Especially in terms of containers escaping is a very critical aspect, since their principle actually is giving up some degree of isolation in order to gain advantages conerning storage and speed. Here’re the aspects which facilitate container breakouts:
- Insecure defaults/weak configuration: This concerns the host firewall and cgroup settings.
- Information disclosure: That means e.g. exposing the host’s kernel ring buffer, procfs or sysfs to containers.
- Weak network defaults: It’s very risky to bind a host’s services and dameons on all interfaces (0.0.0.0) because this way they’re accessible from within containers.
- Working with root user (UID 0): Operating as root within a container might lead to container breakout (a proof of concept for Docker will be presented in the next section).
- Mounting host directories inside containers: This is very critical especially for Docker containers. I will explain that in the proof of concept section.
The points which highly increase the risk of container escaping look very familiar. Indeed, it’s a relatively small set of container settings or properties that’s responsible for the bigger part of the risks coming with them. One of the most critical aspects is that a Docker container’s default user is root. That is because if an attacker succeeds in breaking out of a Docker container as root user, the host system is at his mercy. Under particular conditions, escaping a Docker container is actually very easy. I will cover this in the following section.
The Linux kernel
Yes, it’s true: Even the Linux kernel itself constitutes an important threat as far as containers are concerned. There’re multiple reasons why this is the case:
- Privilege escalation vulnerabilities: New kernel weaknesses which enable users to extend their privileges are permanently discovered. For example, many users of smartphones exploit these security gaps in order to become root within their Andoid OS. Of course this also affects containers.
- Overage kernel code: Many of the already mentioned kernel vulnerabilities are a direct result of the user being able to load and install old packets and kernel modules which are no longer updated and maintained. The most popular Linux distributions like Ubuntu continuously integrate protection mechanisms against this, but they just started doing so.
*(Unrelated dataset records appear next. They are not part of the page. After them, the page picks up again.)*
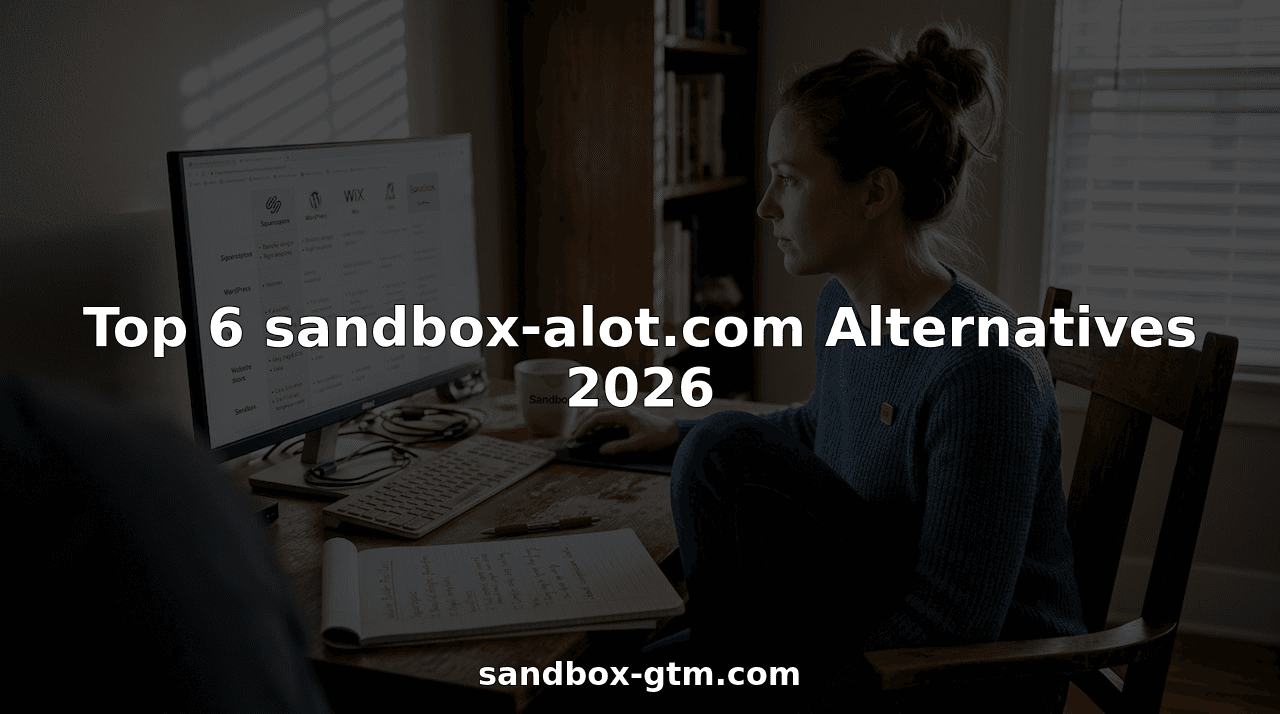 Top 6 sandbox-alot.com Alternatives 2026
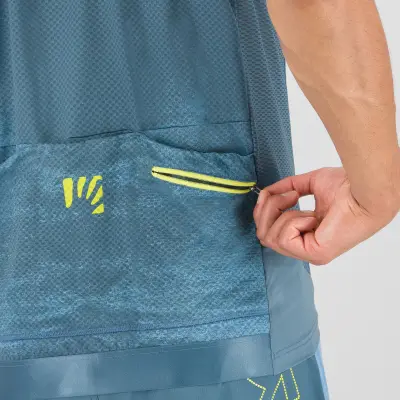 Karpos GREEN FIRE dres stargazer/primrose
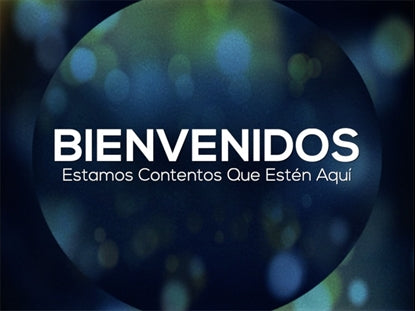 Arctic Dream Welcome Motion Spanish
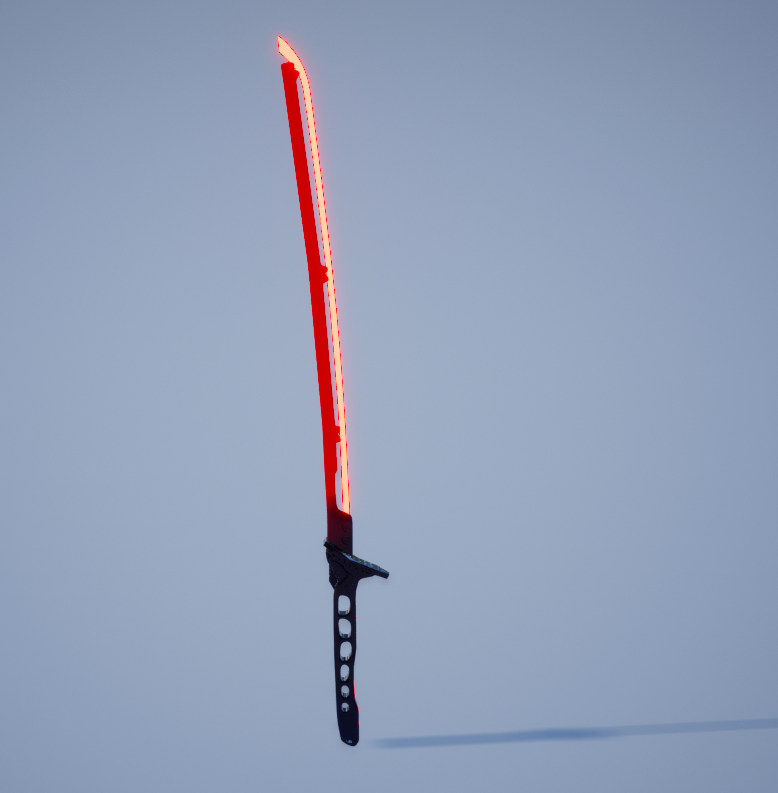 Red Katana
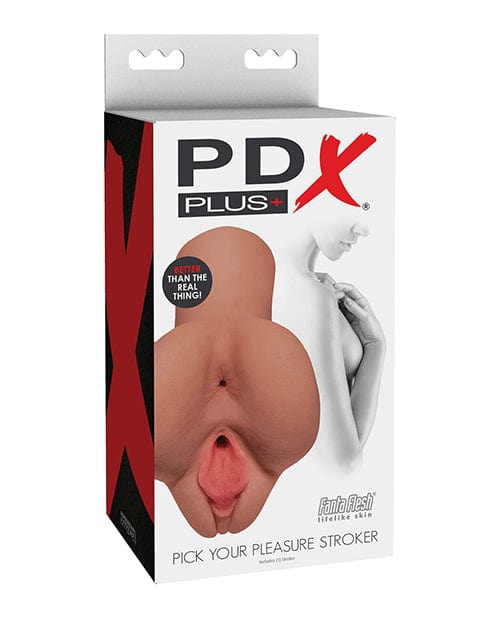 Pdx Plus Pick Your Pleasure Stroker Tan Dolls & Masturbators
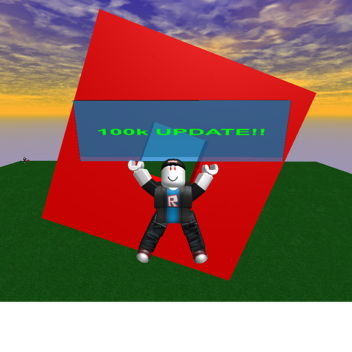 Blow up new roblox logo! (100K Visits!)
Another source for kernel-related security issues is the system calls.
- Ignorance of development team: Although it may sound kind of odd, the development team itself is a great threat for kernel security. This is because for many core developers, security does not have the highest priority. Linus Torvalds is particularly infamous for considering security bugs less important than other ones.
Proof of Concept: Escaping a Docker container
In order to makes this more concrete, I will now demonstrate how to escape a Docker container. You will shortly recognize that although this may sound like rocket science first, it is much easier as it seems. And this is exactly what makes it very dangerous.
How it works in theory
What we’ll do with the following “hack” is talking to the Docker dameon of the host with a Docker CLI we installed inside a container. You heard right, we’ll run Docker inside Docker ;).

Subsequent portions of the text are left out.